While your overall model results should be better than random chance, they're probably mediocre at best given that you haven't tuned the model yet. For the remainder of this notebook, you'll focus on improving your model's performance. Remember that modeling is an **_iterative process_**, and developing a baseline out of the box model such as the one above is always a good start. 

First, try to find the optimal number of neighbors to use for the classifier. To do this, complete the `find_best_k()` function below to iterate over multiple values of k and find the value of k that returns the best overall performance. 

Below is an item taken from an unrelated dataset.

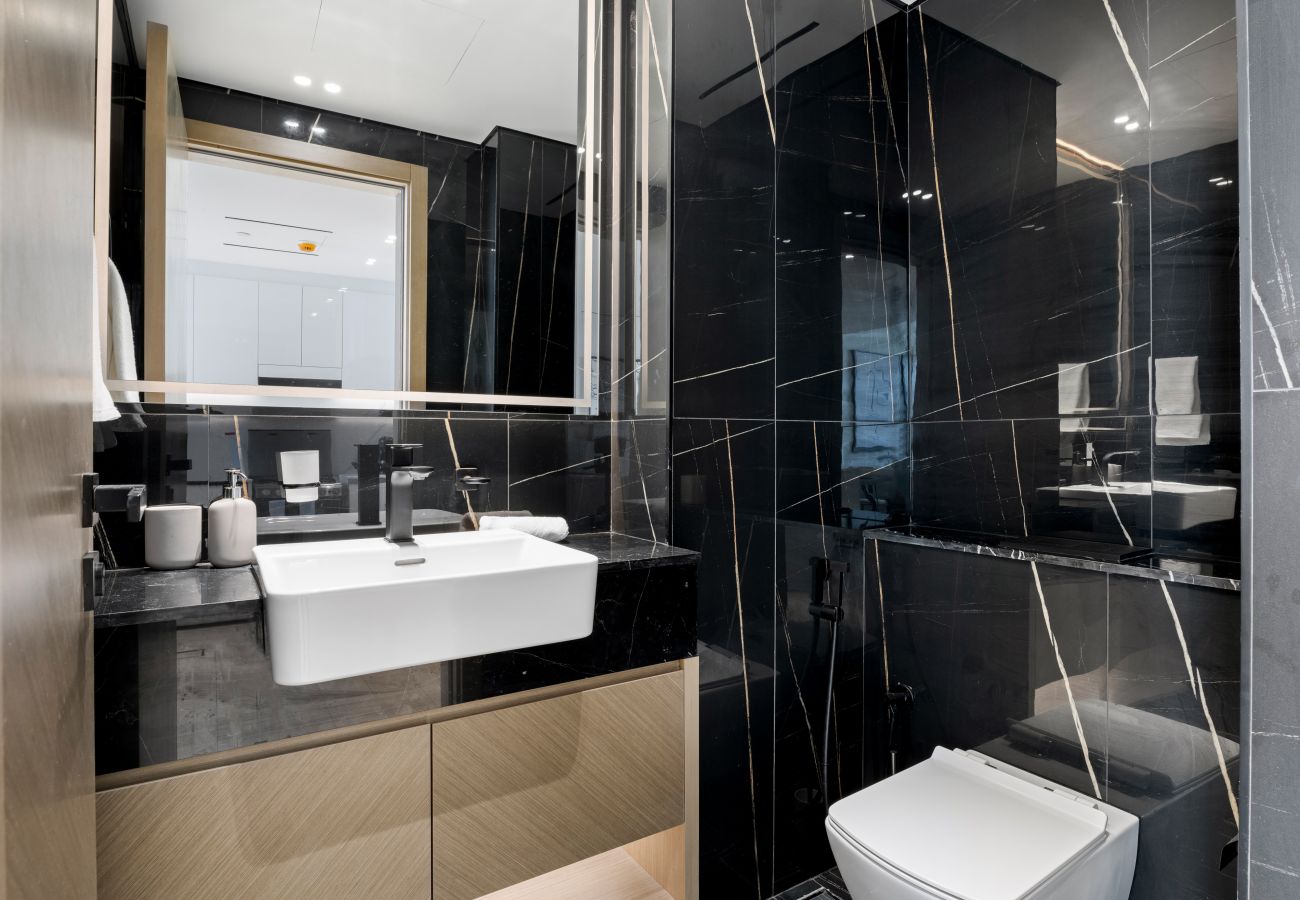 Apartment in Dubai - Chic and Stylish 1 BDR in Binghatti corner - JVC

The skeleton function takes in six parameters:
* `X_train`
* `y_train`
* `X_test`
* `y_test`
* `min_k` (default is 1)
* `max_k` (default is 25)
    
> **Pseudocode Hint**:
1. Create two variables, `best_k` and `best_score`
1. Iterate through every **_odd number_** between `min_k` and `max_k + 1`. 
    1. For each iteration:
        1. Create a new KNN classifier, and set the `n_neighbors` parameter to the current value for k, as determined by our loop.
        1. Fit this classifier to the training data.
        1. Generate predictions for `X_test` using the fitted classifier.
        1. Calculate the **_F1-score_** for these predictions.
        1. Compare this F1-score to `best_score`. If better, update `best_score` and `best_k`.
1. Once all iterations are complete, print out the best value for k and the F1-score it achieved.

In [18]:
def find_best_k(X_train, y_train, X_test, y_test, min_k=1, max_k=25):
    #Your code here
    best_k = 0
    best_score = 0 
    for k in range(min_k,max_k+1,2):
        knn.fit(X_train,y_train)
        preds = knn.predict(X_test)
        f1 = f1_score(y_test,preds)
        if f1 > best_score:
            best_score = f1
            best_k = preds
        
        


In [28]:
find_best_k(scaled_data_train, y_train, scaled_data_test, y_test)
# Expected Output:

# Best Value for k: 9
# F1-Score: 0.7435897435897435

Best Value for k: 9
F1-Score: 0.7435897435897435


If all went well, you'll notice that model performance has improved by over 4 percent by finding an optimal value for k. For further tuning, you can use scikit-learn's built in **Grid Search** to perform a similar exhaustive check of hyper-parameter combinations and fine tune model performance. For a full list of model parameters, see the [sklearn documentation !](https://scikit-learn.org/stable/modules/generated/sklearn.neighbors.KNeighborsClassifier.html)

## (Optional) Level Up: Iterating on the Data

As an optional (but recommended!) exercise, think about the decisions you made during the preprocessing steps that could have affected the overall model performance. For instance, you were asked to replace the missing age values with the column median. Could this have affected the overall performance? How might the model have fared if you had just dropped those rows, instead of using the column median? What if you reduced the data's dimensionality by ignoring some less important columns altogether?

In the cells below, revisit your preprocessing stage and see if you can improve the overall results of the classifier by doing things differently.Consider dropping certain columns, dealing with null values differently, or using an alternative scaling function. Then see how these different preprocessing techniques affect the performance of the model. Remember that the `find_best_k` function handles all of the fitting&mdash;use this to iterate quickly as you try different strategies for dealing with data preprocessing! 


## Summary

Well done! In this lab, you worked with the classic titanic dataset and practiced fitting and tuning KNN classification models using scikit-learn! As always, this gave you another opportunity to continue practicing your data wrangling skills and model tuning skills using pandas and sci-kit learn!